TASK OBJECTIVE:
The lines from the one containing "File:Brassicas, Nash Rd" through the last line below, both ends included, must be reproduced exactly, with no pictures.

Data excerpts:
* * * * * * *

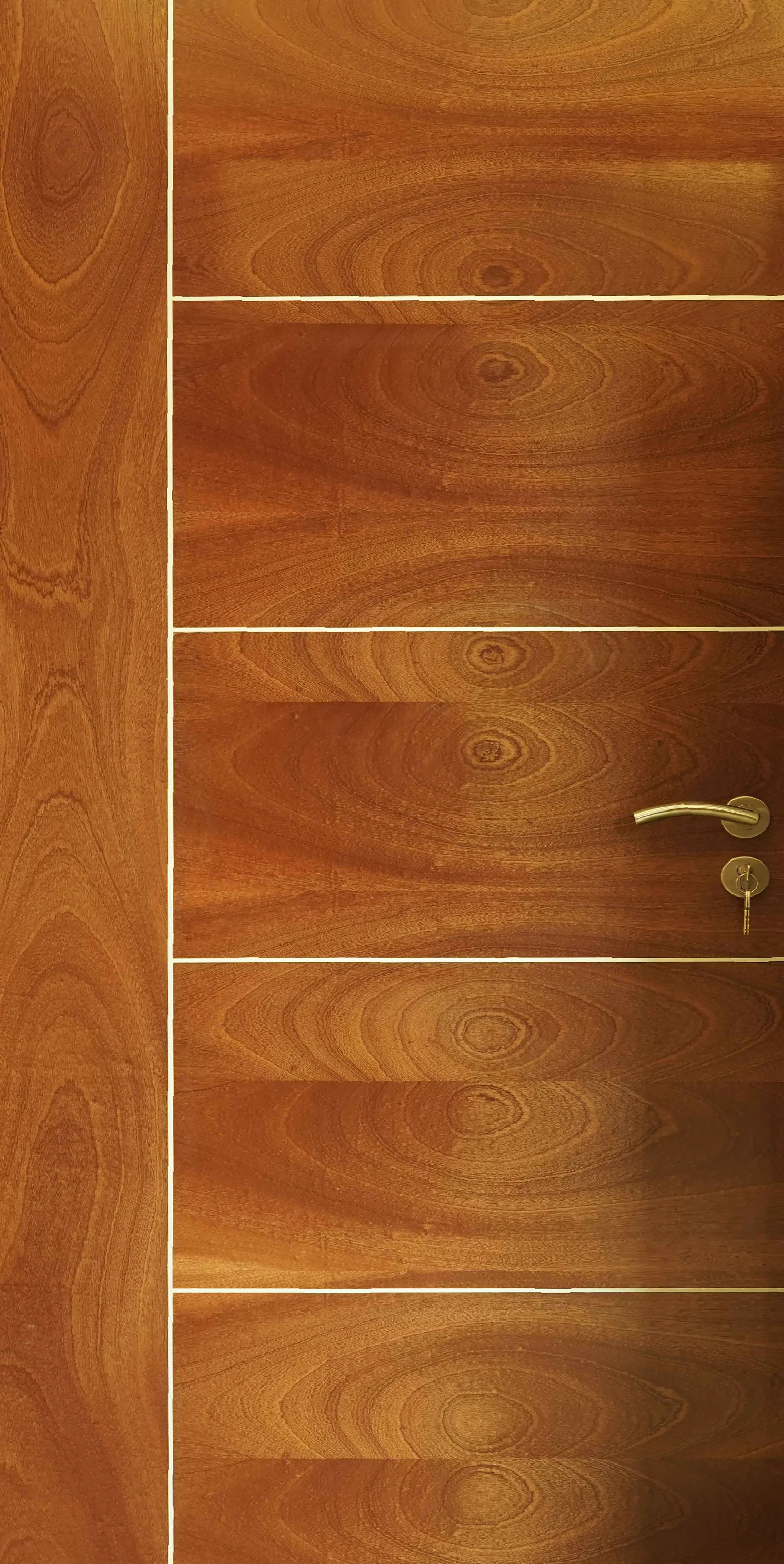 Metal Inlay 02 JAC Door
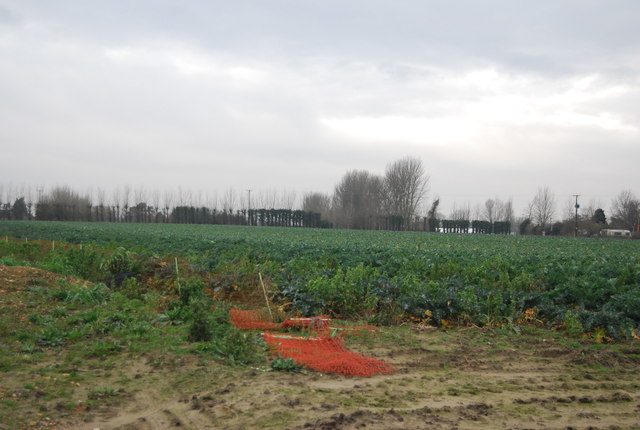 File:Brassicas, Nash Rd - geograph.org.uk - 3450728.jpg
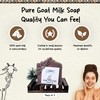 HushHush Farm – Goat Milk Soap Bar for Face &
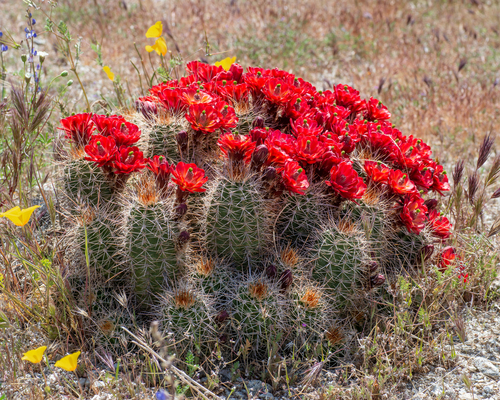 Echinocereus bakeri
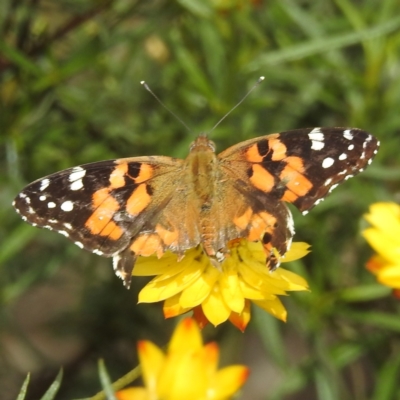 Vanessa kershawi (Australian Painted Lady) at McQuoids Hill - 19 Jan 2024 by HelenCross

* * * * * * *

RESULT:
 File:Brassicas, Nash Rd - geograph.org.uk - 3450728.jpg
 HushHush Farm – Goat Milk Soap Bar for Face &
 Echinocereus bakeri
 Vanessa kershawi (Australian Painted Lady) at McQuoids Hill - 19 Jan 2024 by HelenCross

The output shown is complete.